Die Songliste führt auf eine grosse Reise durch Italiens Liedgut der Neuzeit: "O sole mio" von MASSIMO RANIERI, "Il cielo in una stanza" von GINIO PAOLI, "Mamma", das man im deutschen Sprachraum vom holländischen Kinderstar HEINTJE kennt, "Dedicato" von LOREDANA BERTÉ, "La canzone di Marinella" von FABRIZIO DE ANDRÉ, das allseits bekannte "Volare" von DOMENICO MODUGNO oder "Lontano dagli occhi" von SERGIO ENDRIGO, welcher als erste Radiosingle bestimmt wurde.
Im Vorfeld habe ich befürchtet, NANNINI würde nun weiter in die austauschbare Langeweile absinken.
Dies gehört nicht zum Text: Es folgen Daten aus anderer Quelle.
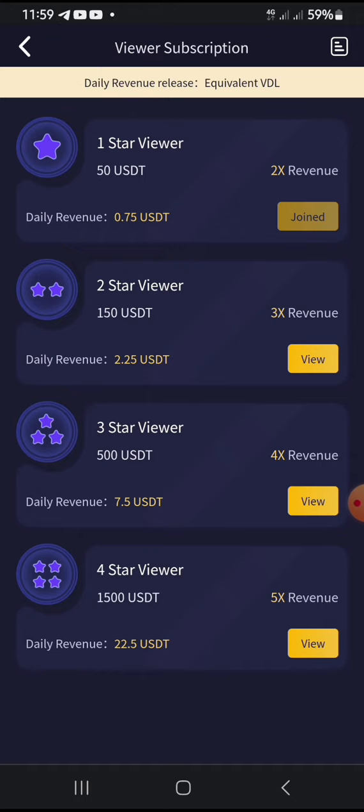Right now you can see the One Star Viewer plan. It shows times two revenue — so if you deposited fifty dollars worth of USDT in this application, you are expected to get two times what you deposited back. So if you deposited fifty dollars and joined the One Star Viewer, you will get a hundred dollars total return.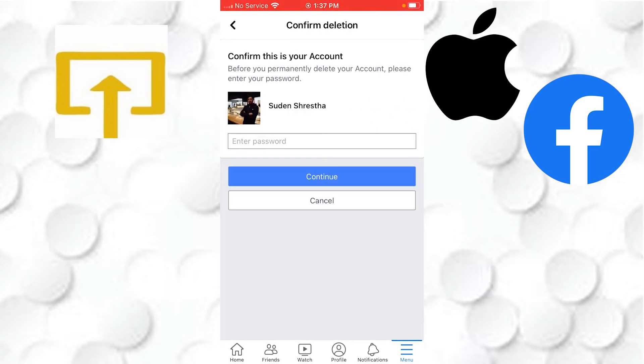You will be required to enter your password. After you enter your password, your account will be permanently deleted, or it will take 30 days to delete. And guys, this is how you delete your Facebook account.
Unberechtigt war dies nicht, in Anbetracht der teilweise balladesken Originale und GIANNAs eher introvertierten, ruhigen letzten Alben. Zum Glück wurde sie nun aber wieder etwas lauter, die Gitarren krachen in einzelnen Songs wieder mehr und das ist schliesslich das, was man zusammen mit ihrem Organ von ihr hören möchte. Und wenn's denn doch mal etwas bedächtig zu und her gehen soll, wie in "Caruso" von LUCIO DALLA, dann untermalt Miss Kratzstimme den Song mit einem wunderschönen Streicherteppich und sanften Beats und schafft damit den für mich besten Songs der Platte.